In terms of DFO's presence in the province, I can't remember which years it was when they had staffed up and had a lot of enforcement of people on the ground out here. I do remember at that time I was working with farm groups, and it wasn't seen in a positive light. To me, and from our organization's perspective, the Department of Fisheries and Oceans' role in experimentation is outstanding. I think it's not positive that the research facilities have been abandoned. I think that was an important role for DFO.
In terms of the other side, as a landscape-level enforcement agency I don't think it worked. Predictably, it had no chance of working in an agricultural landscape. Maybe regulating point source polluters and pulp mills would be a possibility, but the rural communities push back very hard. They called them fish cops. Any time you have enforcement people going on to farms and telling farmers what they can and can't do, it just doesn't work well. There's a need for rules and there's a need for regulations. I think what we've learned in the last 15 years is that how you approach rural communities is the key.

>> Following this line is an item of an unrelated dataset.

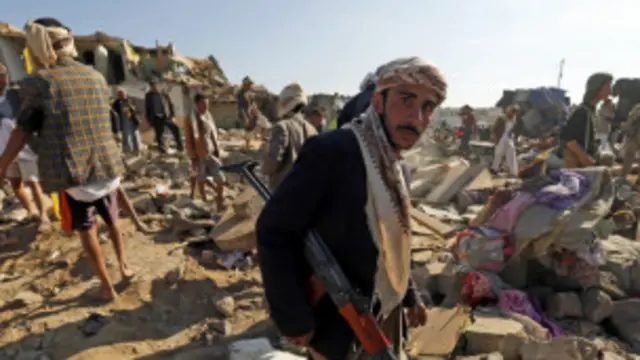 हूती विद्रोहियों की सेना में शामिल लड़ाका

In terms of how DFO relates to us here, I think those recreational grants are outstanding because they create partnership and stewardship. It gets the local groups like us and others working with the federal fisheries department. I think getting back to some of that experimentation that they were doing is also really important.
On the regulatory role, our group would urge caution. In the future, if DFO was thinking about enforcing the Fisheries Act on the landscape, we'd like to talk about doing that in a different way.